Powers allowing ministers to intervene in regulatory matters must not be “politicised” and should only be used “in extremis”, City chiefs have warned today, as the government prepares to grant itself greater oversight of regulators in the financial services and markets bill.
The landmark bill is looking to unleash a “Big Bang 2.0” in the City by scrapping EU-era regulation and boosting the political oversight of regulatory decisions, with ministers set to grant themselves ‘call-in’ powers to overrule regulators.
But speaking at the committee stage of the financial services and markets bill today, chief of banking body UK Finance David Postings said it must not be a lever for politicians to meddle in regulatory decisions.
“The most important thing is that it’s used sparingly, and that it is drawn tightly,” he told MPs.
“It should be something that’s very rarely used and not politicised – we need to get the balance between scrutiny the regulators, and not politicising it.”

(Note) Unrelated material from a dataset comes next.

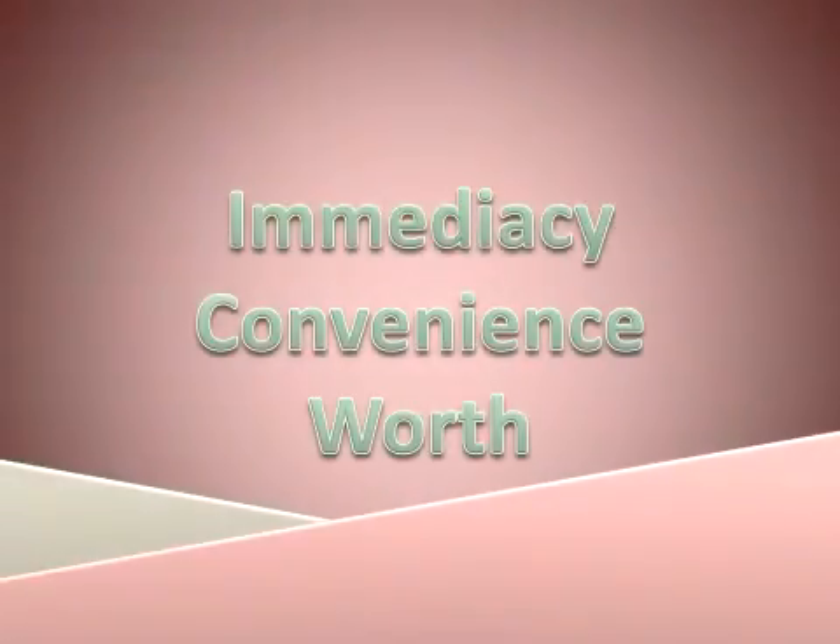No matter what business you're in, good incentive rewards include three common features: immediacy, convenience, and monetary worth. Generally, customers value the features in that order. Immediacy is nice, convenience is even nicer, and actual money or perceived monetary value — that's the best.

He added that striking the balance would be “very difficult to pull off”.
Posting’s comments echoed those of CityUk managing director Emma Reynolds, who warned that the government needed to tread a fine line between “enhanced regulatory accountability” and the independence of the UK’s financial watchdogs.
The specific powers are yet to defined by ministers but City minister Andrew Griffiths doubled down on the decision last week and said it was “not uncommon to have a public policy safety valve”.
The move to boost government oversight has prompted guarded warnings from the regulators in recent weeks over the sanctity of their independence.
The Prudential Regulatory Authority (PRA), which supervises the UK’s banking and insurance sectors, said last month that regulators should not come under “undue pressure to weaken regulatory standards” or “accept changes that could impede our ability to achieve our primary objectives”.
City watchdog the Financial Conduct Authority has similarly backed the need for independence and said it was crucial to maintaining the City’s status as a global financial hub.